● **Task instructions**:
Start to finish, the listing must be rewritten exactly.

● **Records for this task**:
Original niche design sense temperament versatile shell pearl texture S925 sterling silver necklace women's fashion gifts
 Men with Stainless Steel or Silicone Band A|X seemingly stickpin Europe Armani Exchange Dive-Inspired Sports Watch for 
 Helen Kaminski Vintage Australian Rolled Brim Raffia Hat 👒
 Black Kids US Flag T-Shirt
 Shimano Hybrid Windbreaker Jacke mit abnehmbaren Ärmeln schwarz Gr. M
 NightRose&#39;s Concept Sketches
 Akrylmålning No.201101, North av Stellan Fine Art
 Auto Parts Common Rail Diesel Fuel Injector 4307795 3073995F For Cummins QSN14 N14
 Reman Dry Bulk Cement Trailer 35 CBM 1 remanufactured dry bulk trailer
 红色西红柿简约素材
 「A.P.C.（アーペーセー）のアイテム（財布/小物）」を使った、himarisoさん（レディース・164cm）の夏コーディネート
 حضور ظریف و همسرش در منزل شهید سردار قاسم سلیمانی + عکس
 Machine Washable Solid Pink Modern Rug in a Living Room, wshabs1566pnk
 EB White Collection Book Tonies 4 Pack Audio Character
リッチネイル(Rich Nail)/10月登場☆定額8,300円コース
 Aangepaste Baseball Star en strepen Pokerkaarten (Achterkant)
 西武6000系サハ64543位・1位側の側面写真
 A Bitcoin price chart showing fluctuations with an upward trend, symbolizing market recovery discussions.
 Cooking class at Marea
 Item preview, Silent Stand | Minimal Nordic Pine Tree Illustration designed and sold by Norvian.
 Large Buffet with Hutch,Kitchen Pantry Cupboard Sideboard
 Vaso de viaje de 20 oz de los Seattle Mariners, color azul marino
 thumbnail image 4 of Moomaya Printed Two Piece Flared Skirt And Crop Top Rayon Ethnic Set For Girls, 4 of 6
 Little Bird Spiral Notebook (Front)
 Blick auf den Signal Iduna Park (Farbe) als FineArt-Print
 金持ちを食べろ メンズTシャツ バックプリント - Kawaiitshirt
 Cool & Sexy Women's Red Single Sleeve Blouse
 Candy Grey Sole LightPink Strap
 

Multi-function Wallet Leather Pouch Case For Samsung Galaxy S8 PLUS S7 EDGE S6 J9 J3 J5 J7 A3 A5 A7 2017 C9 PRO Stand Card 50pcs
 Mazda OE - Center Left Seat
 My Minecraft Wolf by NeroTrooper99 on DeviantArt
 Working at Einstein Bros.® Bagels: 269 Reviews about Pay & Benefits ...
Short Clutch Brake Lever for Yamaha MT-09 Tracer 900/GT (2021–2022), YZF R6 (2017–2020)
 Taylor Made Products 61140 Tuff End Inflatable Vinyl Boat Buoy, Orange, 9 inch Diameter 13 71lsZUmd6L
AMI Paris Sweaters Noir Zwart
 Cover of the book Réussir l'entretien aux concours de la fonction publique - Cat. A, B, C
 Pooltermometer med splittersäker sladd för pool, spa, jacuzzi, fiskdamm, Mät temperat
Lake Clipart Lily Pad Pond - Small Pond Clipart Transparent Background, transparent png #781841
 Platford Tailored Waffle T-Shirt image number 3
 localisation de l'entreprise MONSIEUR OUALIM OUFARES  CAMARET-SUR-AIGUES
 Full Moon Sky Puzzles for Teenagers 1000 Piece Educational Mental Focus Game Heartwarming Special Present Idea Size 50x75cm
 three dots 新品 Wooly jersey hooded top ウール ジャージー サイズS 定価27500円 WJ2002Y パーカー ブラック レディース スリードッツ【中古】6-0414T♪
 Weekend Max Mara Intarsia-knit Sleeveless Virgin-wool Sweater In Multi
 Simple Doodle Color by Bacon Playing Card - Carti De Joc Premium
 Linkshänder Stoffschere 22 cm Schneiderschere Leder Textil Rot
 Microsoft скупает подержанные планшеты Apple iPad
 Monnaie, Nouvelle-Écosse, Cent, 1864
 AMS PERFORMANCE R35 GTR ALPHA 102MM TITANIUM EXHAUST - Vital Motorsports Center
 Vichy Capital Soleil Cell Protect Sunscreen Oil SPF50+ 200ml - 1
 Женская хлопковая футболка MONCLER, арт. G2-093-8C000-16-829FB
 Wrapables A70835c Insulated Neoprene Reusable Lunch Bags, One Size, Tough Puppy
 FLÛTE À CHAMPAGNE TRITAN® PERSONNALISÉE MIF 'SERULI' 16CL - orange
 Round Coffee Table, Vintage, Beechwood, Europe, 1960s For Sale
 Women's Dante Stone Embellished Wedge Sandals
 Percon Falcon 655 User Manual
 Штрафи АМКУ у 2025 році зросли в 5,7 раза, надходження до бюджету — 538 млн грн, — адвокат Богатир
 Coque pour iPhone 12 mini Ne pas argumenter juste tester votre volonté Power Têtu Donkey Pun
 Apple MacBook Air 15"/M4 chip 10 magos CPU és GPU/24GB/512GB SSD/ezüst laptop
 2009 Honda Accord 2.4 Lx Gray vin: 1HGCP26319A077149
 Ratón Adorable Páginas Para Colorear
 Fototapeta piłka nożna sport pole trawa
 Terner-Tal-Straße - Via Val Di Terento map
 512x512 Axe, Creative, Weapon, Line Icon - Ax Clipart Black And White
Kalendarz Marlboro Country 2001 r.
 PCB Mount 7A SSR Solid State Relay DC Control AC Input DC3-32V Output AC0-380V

● **Answer to the problem**:
Original niche design sense temperament versatile shell pearl texture S925 sterling silver necklace women's fashion gifts
 Men with Stainless Steel or Silicone Band A|X seemingly stickpin Europe Armani Exchange Dive-Inspired Sports Watch for 
 Helen Kaminski Vintage Australian Rolled Brim Raffia Hat 👒
 Black Kids US Flag T-Shirt
 Shimano Hybrid Windbreaker Jacke mit abnehmbaren Ärmeln schwarz Gr. M
 NightRose&#39;s Concept Sketches
 Akrylmålning No.201101, North av Stellan Fine Art
 Auto Parts Common Rail Diesel Fuel Injector 4307795 3073995F For Cummins QSN14 N14
 Reman Dry Bulk Cement Trailer 35 CBM 1 remanufactured dry bulk trailer
 红色西红柿简约素材
 「A.P.C.（アーペーセー）のアイテム（財布/小物）」を使った、himarisoさん（レディース・164cm）の夏コーディネート
 حضور ظریف و همسرش در منزل شهید سردار قاسم سلیمانی + عکس
 Machine Washable Solid Pink Modern Rug in a Living Room, wshabs1566pnk
 EB White Collection Book Tonies 4 Pack Audio Character
リッチネイル(Rich Nail)/10月登場☆定額8,300円コース
 Aangepaste Baseball Star en strepen Pokerkaarten (Achterkant)
 西武6000系サハ64543位・1位側の側面写真
 A Bitcoin price chart showing fluctuations with an upward trend, symbolizing market recovery discussions.
 Cooking class at Marea
 Item preview, Silent Stand | Minimal Nordic Pine Tree Illustration designed and sold by Norvian.
 Large Buffet with Hutch,Kitchen Pantry Cupboard Sideboard
 Vaso de viaje de 20 oz de los Seattle Mariners, color azul marino
 thumbnail image 4 of Moomaya Printed Two Piece Flared Skirt And Crop Top Rayon Ethnic Set For Girls, 4 of 6
 Little Bird Spiral Notebook (Front)
 Blick auf den Signal Iduna Park (Farbe) als FineArt-Print
 金持ちを食べろ メンズTシャツ バックプリント - Kawaiitshirt
 Cool & Sexy Women's Red Single Sleeve Blouse
 Candy Grey Sole LightPink Strap
 

Multi-function Wallet Leather Pouch Case For Samsung Galaxy S8 PLUS S7 EDGE S6 J9 J3 J5 J7 A3 A5 A7 2017 C9 PRO Stand Card 50pcs
 Mazda OE - Center Left Seat
 My Minecraft Wolf by NeroTrooper99 on DeviantArt
 Working at Einstein Bros.® Bagels: 269 Reviews about Pay & Benefits ...
Short Clutch Brake Lever for Yamaha MT-09 Tracer 900/GT (2021–2022), YZF R6 (2017–2020)
 Taylor Made Products 61140 Tuff End Inflatable Vinyl Boat Buoy, Orange, 9 inch Diameter 13 71lsZUmd6L
AMI Paris Sweaters Noir Zwart
 Cover of the book Réussir l'entretien aux concours de la fonction publique - Cat. A, B, C
 Pooltermometer med splittersäker sladd för pool, spa, jacuzzi, fiskdamm, Mät temperat
Lake Clipart Lily Pad Pond - Small Pond Clipart Transparent Background, transparent png #781841
 Platford Tailored Waffle T-Shirt image number 3
 localisation de l'entreprise MONSIEUR OUALIM OUFARES  CAMARET-SUR-AIGUES
 Full Moon Sky Puzzles for Teenagers 1000 Piece Educational Mental Focus Game Heartwarming Special Present Idea Size 50x75cm
 three dots 新品 Wooly jersey hooded top ウール ジャージー サイズS 定価27500円 WJ2002Y パーカー ブラック レディース スリードッツ【中古】6-0414T♪
 Weekend Max Mara Intarsia-knit Sleeveless Virgin-wool Sweater In Multi
 Simple Doodle Color by Bacon Playing Card - Carti De Joc Premium
 Linkshänder Stoffschere 22 cm Schneiderschere Leder Textil Rot
 Microsoft скупает подержанные планшеты Apple iPad
 Monnaie, Nouvelle-Écosse, Cent, 1864
 AMS PERFORMANCE R35 GTR ALPHA 102MM TITANIUM EXHAUST - Vital Motorsports Center
 Vichy Capital Soleil Cell Protect Sunscreen Oil SPF50+ 200ml - 1
 Женская хлопковая футболка MONCLER, арт. G2-093-8C000-16-829FB
 Wrapables A70835c Insulated Neoprene Reusable Lunch Bags, One Size, Tough Puppy
 FLÛTE À CHAMPAGNE TRITAN® PERSONNALISÉE MIF 'SERULI' 16CL - orange
 Round Coffee Table, Vintage, Beechwood, Europe, 1960s For Sale
 Women's Dante Stone Embellished Wedge Sandals
 Percon Falcon 655 User Manual
 Штрафи АМКУ у 2025 році зросли в 5,7 раза, надходження до бюджету — 538 млн грн, — адвокат Богатир
 Coque pour iPhone 12 mini Ne pas argumenter juste tester votre volonté Power Têtu Donkey Pun
 Apple MacBook Air 15"/M4 chip 10 magos CPU és GPU/24GB/512GB SSD/ezüst laptop
 2009 Honda Accord 2.4 Lx Gray vin: 1HGCP26319A077149
 Ratón Adorable Páginas Para Colorear
 Fototapeta piłka nożna sport pole trawa
 Terner-Tal-Straße - Via Val Di Terento map
 512x512 Axe, Creative, Weapon, Line Icon - Ax Clipart Black And White
Kalendarz Marlboro Country 2001 r.
 PCB Mount 7A SSR Solid State Relay DC Control AC Input DC3-32V Output AC0-380V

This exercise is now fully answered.